Thursday, July 14, 2016

SNRE Profile: John Yarie to retire Aug. 31

After 38 years with the University of Alaska Fairbanks, John Yarie will begin a phased retirement on Aug. 31.

The SNRE silviculture professor plans to continue working half time for nine months, to further his research and teach one forestry class a semester. Yarie also has several papers he’d like to write on the results of his forest research, and he is part of a team that is applying for a National Science Foundation grant to study the carbon dynamics and regrowth of forested areas that have burned more than once in the past 50 years. The grant will require fieldwork during the summer of 2018.

When that’s over, he’s definitely retiring, he said.

Yarie, who grew up in a Cleveland suburb, said he was a typical undergraduate, changing his mind and colleges multiple times before settling on forestry as a major. Other possibilities included math and PE instruction. He ended up earning a doctorate, he said, because the job market was dismal each time he earned another degree.

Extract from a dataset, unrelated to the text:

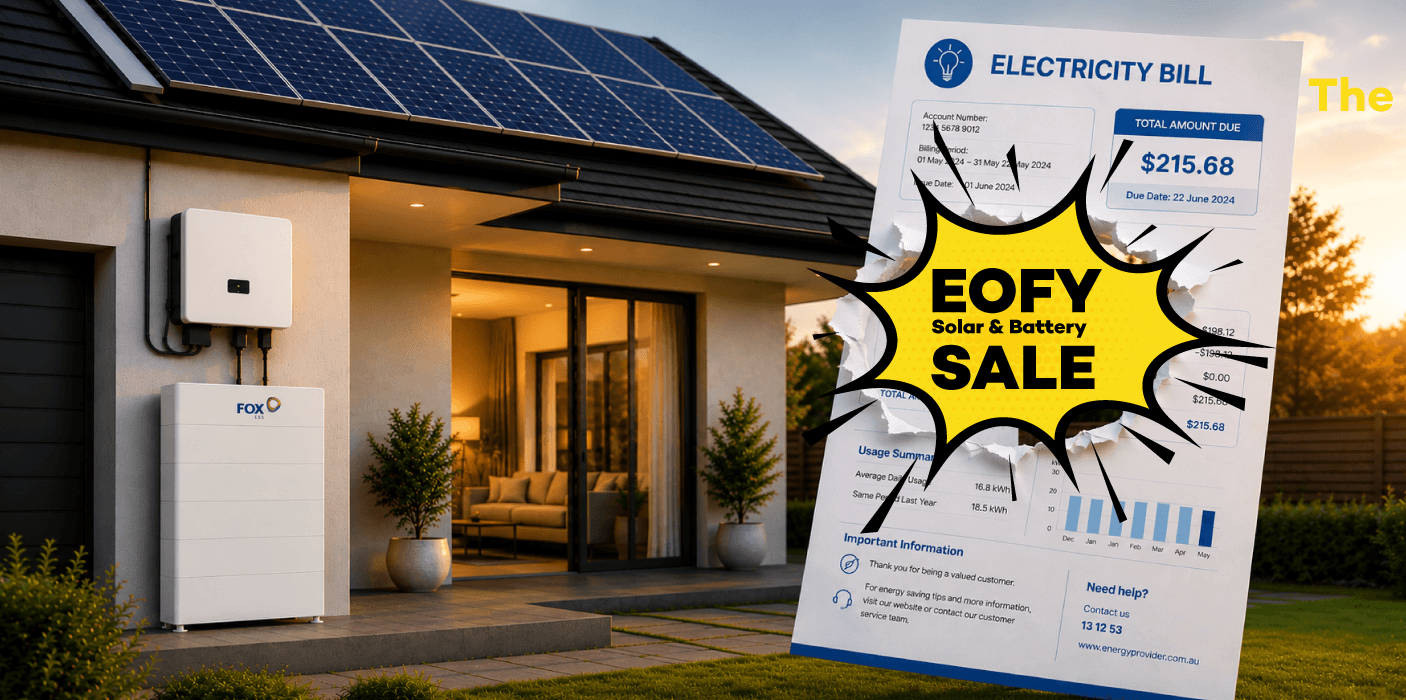 Solar panels and battery storage on a home roof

After submitting his dissertation to his University of British Columbia committee for review, he went on a six-week road trip to Alaska in 1977. He had worked a summer in a Thorne Bay logging camp as a college student, and he wanted to see more of the state and check out the job market.

UAF had no openings for research foresters, but as a result of talking with several folks on campus (Keith Van Cleve and Ted Dyrness), Yarie was offered a research position to work cooperatively with the U.S. Forest Service inventory and analysis folks in the Porcupine region. Following the inventory work, he received funding from the Department of Energy to research woody crops like poplars and willows in the Palmer, Bonanza Creek and Caribou/Poker Creek areas. By 1983, he had become an assistant professor of forest ecology and silviculture at UAF. Silviculture is the science of managing forests for desired outcomes.

John Yarie cooks hamburgers for the SNRE back-to-school barbecue.
Over the years, he has taught undergraduate classes in natural resources measurements, forest ecology and silviculture. He became the first instructor for the school’s GIS class, in 1992, and he worked with the university and Legislature to buy the necessary equipment for a lab and to hire a GIS expert (Dave Verbyla). He has also taught the graduate seminar and graduate courses in research methods and forest ecosystem sciences.

Yarie has enjoyed teaching but his primary focus has been research, particularly studying the effects of changing environmental conditions on forest ecosystems and successional processes following forest fires. He has worked on several long-term projects. A 25-year project that ended recently looked at the effect of drought on forests, using rain exclusion platforms and removing snowpack in the spring.

He is also studying the decomposition of all types of wood in several plots to determine how carbon is released. He recently completed the first 20 years of what is planned as a 100-year study.

Yarie has had a leadership role in the school and served as department head for the former Forest Sciences Department for a dozen years. He has also been an enthusiastic participant in the annual lumberjack competition, the SNRE Forest Fest. His specialty is being the timekeeper for the log-rolling competition.

Retirement plans include woodworking projects and travel to places he has wanted to go, including Chile’s Easter Island. Yarie also expects to spend more time on the slopes of Western downhill ski resorts and with his daughters, who live in Portland, Oregon, and Virginia.

He is the thankful for his time at UAF. “I think I have had a really enjoyable career surrounded by good colleagues,” he said, including Keith Van Cleve, Glenn Juday and John Fox, who have already retired.